▶ **EXERCISE DATA**
▽

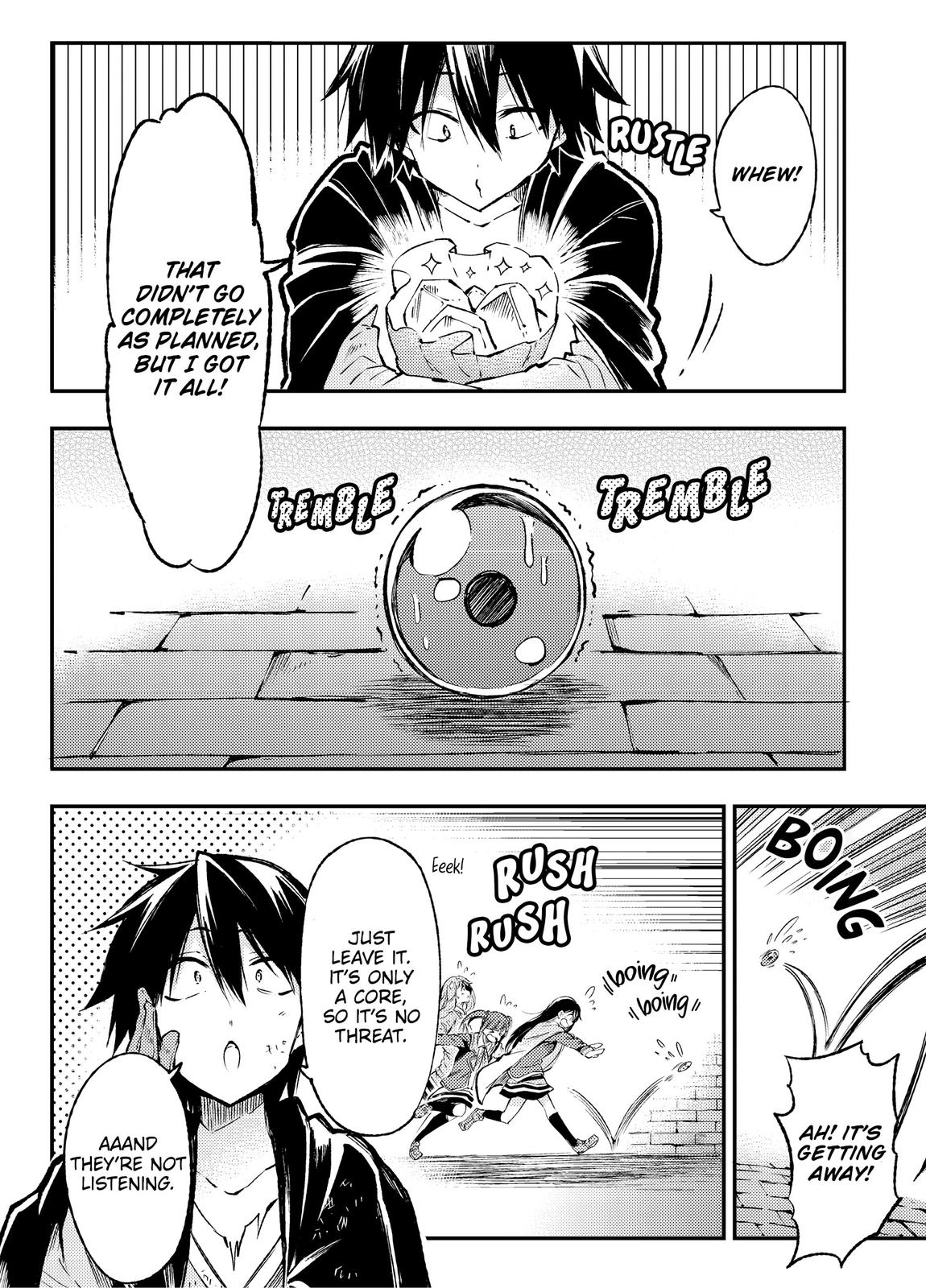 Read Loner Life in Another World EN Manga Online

△
▽

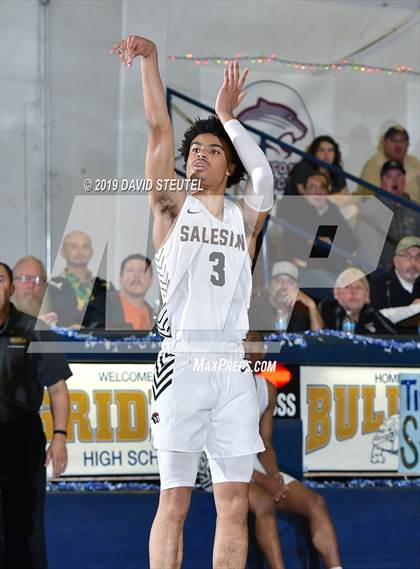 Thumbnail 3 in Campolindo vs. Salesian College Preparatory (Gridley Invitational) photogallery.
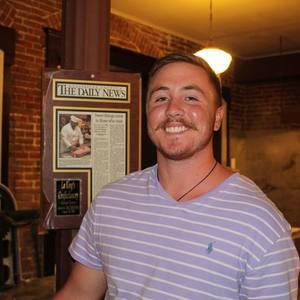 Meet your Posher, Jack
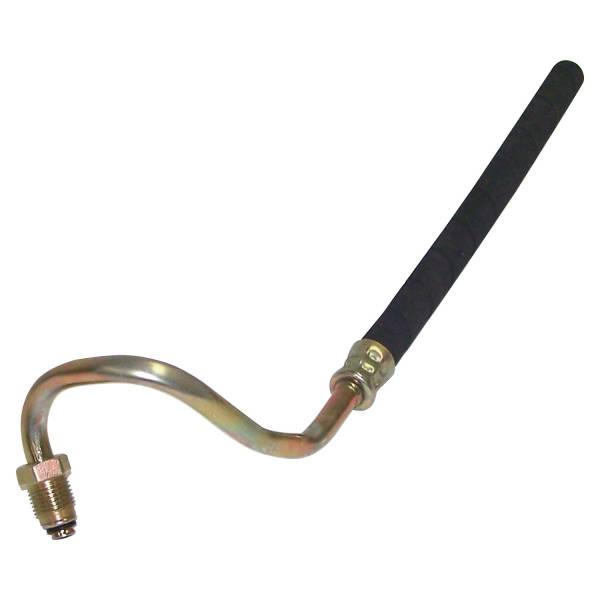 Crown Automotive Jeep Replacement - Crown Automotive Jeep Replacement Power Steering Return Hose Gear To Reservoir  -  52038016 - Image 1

△

▶ **WHAT IS EXPECTED**
Line for line, output the entries above from the line with "Meet your Posher, Jack" to the line with "Crown Automotive Jeep Replacement - Crown", both included, and nothing more. Skip pictures.

▶ **RESULT**
 Meet your Posher, Jack
 Crown Automotive Jeep Replacement - Crown Automotive Jeep Replacement Power Steering Return Hose Gear To Reservoir  -  52038016 - Image 1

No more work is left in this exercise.